Quick thought on gold prices correlation with risky asset recently. As I active watch the markets recently, between US Treasury, gold, advanced countries listed equity, forex Mundo pairs. I’ve reached some preliminary conclusions on gold price’s behavior. I don’t know when these characteristics would change (and when they change they would just change very fast, like everything else in the market) – but let stop and think for a while:
1/ In short-term (a week) gold prices move with risky asset.
This short-term characteristic are extremely clear in the previous 7 days.

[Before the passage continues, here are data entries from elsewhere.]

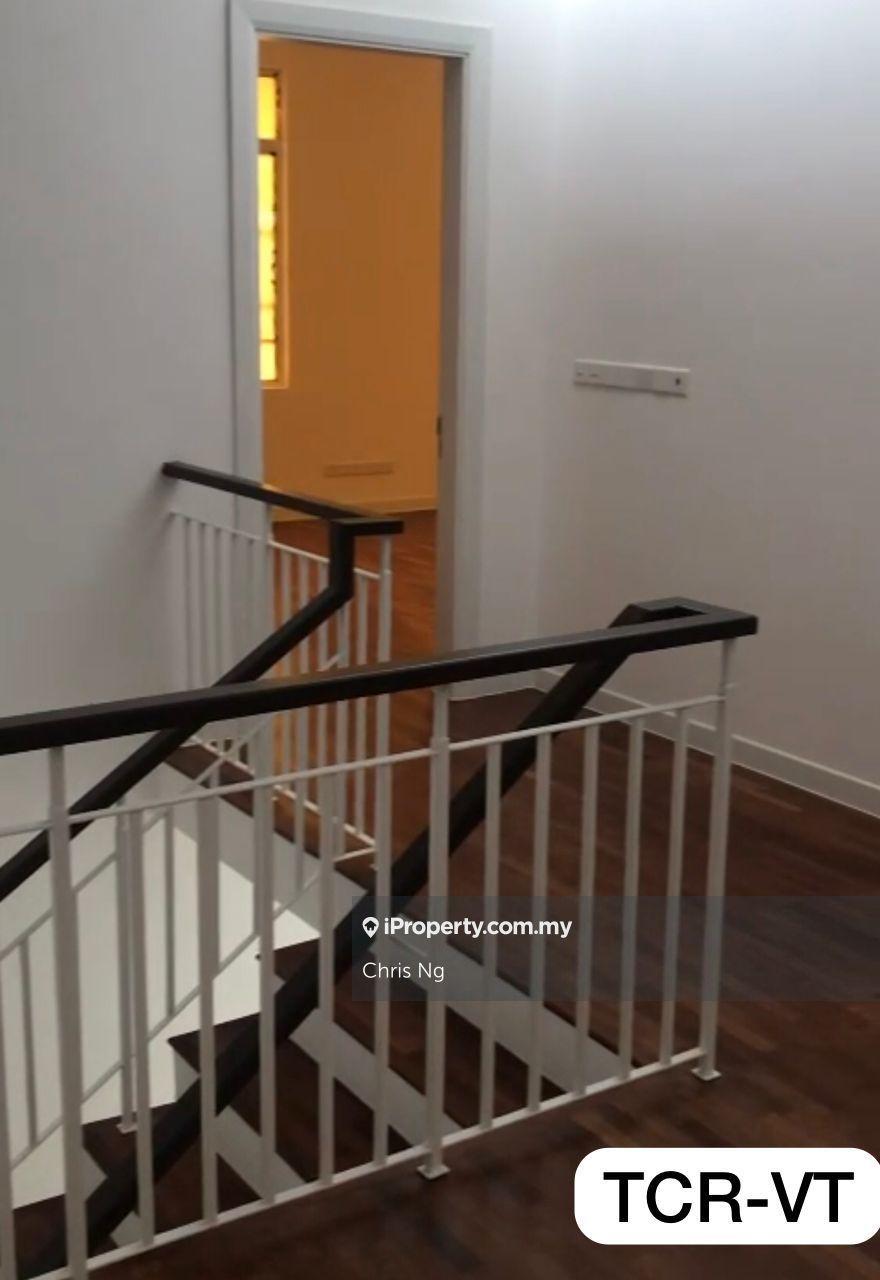 Semi-Detached House for Sale in Setia Eco Park, Setia Alam by Chris Ng - iProperty.com.my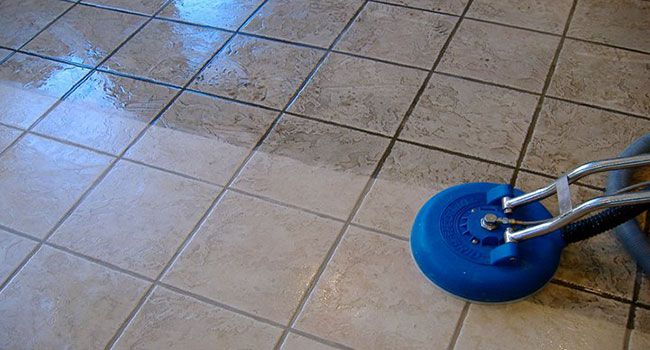 Tile and Grout Cleaning Cullman AL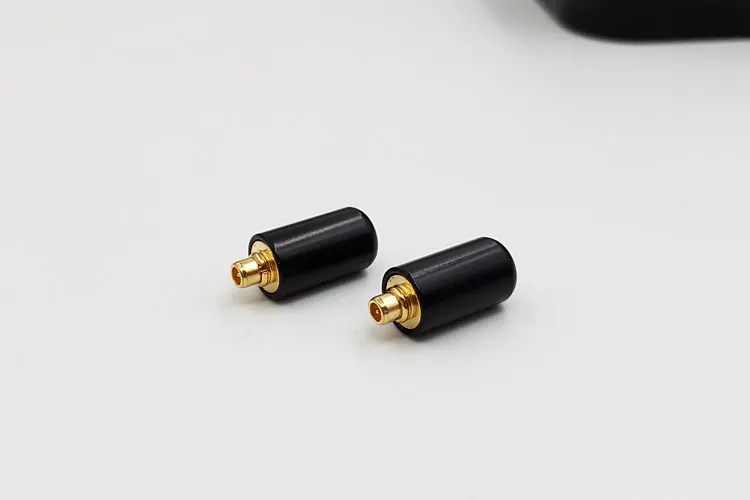 

DIY earphone pin for SE846 SE535 SE215 UE900 MMCX 1pair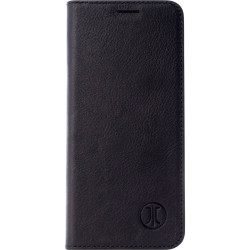 JT Berlin 10752 Booklet Case iPhone 13 Black Shockproof Stand Feature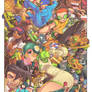 Jet Set Radio!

For the last week, gold price movements were identified closely with S&P 500. Interestingly enough, I warned about this phenomenon 1 months ago in this post: Global risk appetite. A possible explanation for this phenomenon of gold’s risky-asset-side-changing is: Long term investors – who buy and hold gold for a long-term now stop buying and short-term investors – who have just speculated on gold for previous 3 months are controlling the price.
2/ Longer-term investors are rebalancing or waiting for the correction.
I’ll develop a story like this: as gold steady increases since 2000, those steady increases were attributed to sovereign funds, long-term buy and hold funds, high net-worth individuals, and family offices who seeks to diversify their holdings. As gold prices increase to a noticeable level, short-term speculators started to get in and trade in and out with the market (much more than previous). To this phrase, gold price now off the chart as a steady asset storing value but becoming a risky asset – just as the risky players who are controlling the market.
From my own opinions, gold’s changes to this risky characteristic because it gets too high too fast. If thinking of gold as an asset class (that I bet most anyone think that way: Long-term investors want diversification, short-term investors seek profit, perhaps only national banks are the only one don’t see that way) you have to care about the prices. When they get high, short-term investors would take profit and long-term investors would perhaps seek rebalancing. When anything become so sensitive to the price – that asset class becomes risky: Market risk – or the risk of volatility when prices go ups and downs.
3/ Where are we going from here?
We have many theses with gold. The leading thesis tells that gold is a currency inflation defender. When US$ loses value, and other currencies are printed too much, we would come up to a period when we have currency inflation – and gold, as tradition, is then is treated as money (not asset class – a clarification in this point is crucially important) hedge against that risk.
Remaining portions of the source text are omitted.